Coming Jan. 9 in Go Guide: critic Wendell Brock previews new stagings of the new year.

FILM

Remembering another who recalled Selma

With director Ava DuVernay’s Oscar-bait film “Selma” having had a successful Christmas day launch in 19 theaters in Atlanta, New York, Los Angeles and Washington, Paramount is now planning to expand the civil rights drama to theaters nationwide on Jan. 9.
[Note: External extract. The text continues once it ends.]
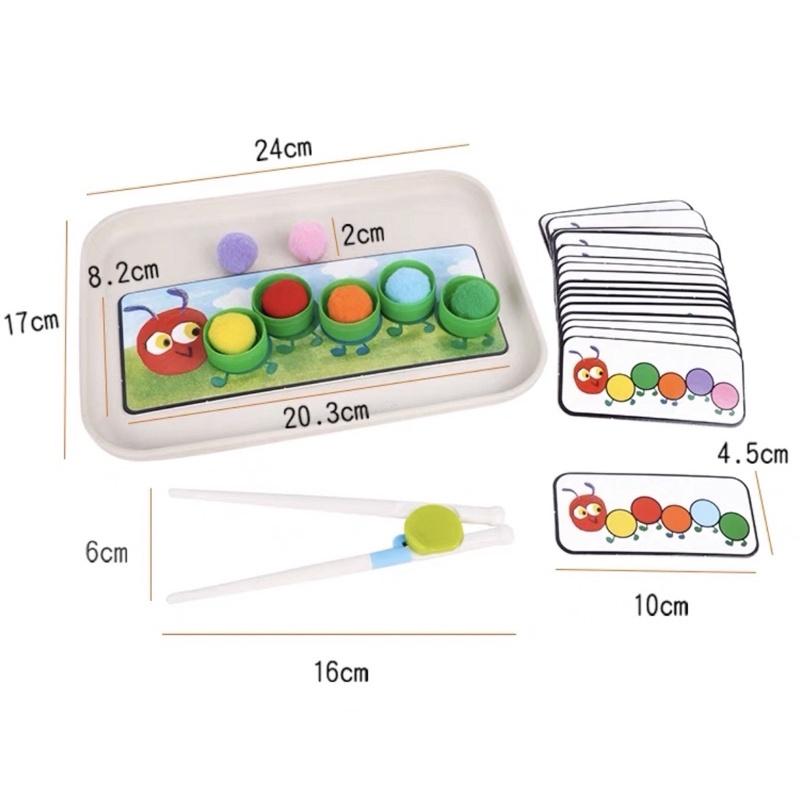 培養記憶能力 毛毛蟲桌遊 蒙式教具 夾球遊戲   毛毛蟲夾球  練習拿筷子 毛毛蟲系列桌遊 顏色 練習拿筷子-細節圖5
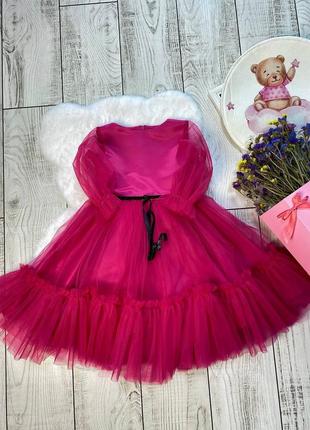 Платье праздничное розовое белое на выпускной 6-7 лет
As a sidelight, it’s an appropriate time to take note of the late October passing at age 87 of Alabama folk artist Bernice Sims, a memory painter whose most important work recalled civil rights protests in her state that she witnessed firsthand in the 1960s. Perhaps her best-known composition, one she painted many depictions of over an art career spanning more than three decades, was the Bloody Sunday clash on March 7, 1965, when Alabama state troopers and other law enforcement attacked protesters on Selma’s Edmund Pettus Bridge.

In 2005, the U.S. Postal Service included Sims’ painting among 10 stamps commemorating milestones of the civil rights movement. In an interview with The Atlanta Journal-Constitution at the time of the release of the set, titled “To Form a More Perfect Union,” she said it was a supreme honor to be included alongside better-known artists such as Romare Bearden, William H. Johnson and Jacob Lawrence.

Sims executed her painting of the confrontation in the same cheery palette she employed to capture other scenes from her early years in rural Alabama — creek baptisms, tent revivals, workers harvesting cotton.

Despite those bright colors, Sims — a voter registration worker from the town of Brewton in south-central Alabama who was “a supporter, a cheerleader” at the bridge, not a demonstrator — recalled “Bloody Sunday as “a very dark day.

“Some [of the marchers] were so angry,” she told the AJC. “It had gotten to the point where there was no turning back. I was fearful of the violence. And thank God, it wasn’t worse.”

To fit on the postage stamp, Sims’ 1991 version had to be cropped, emphasizing the sea of marchers, but not the conflict, on the bridge. The stamp also did not include an ironic touch she included in the various different versions over the years — a white person, sometimes more than one, mindlessly fishing under the bridge as the conflict above turned bloody.

“The marchers were trying to make a statement, but some people wouldn’t let their minds get bogged down in all that,” Sims explained of her ironic flourish. “They weren’t paying attention. They could ignore it.”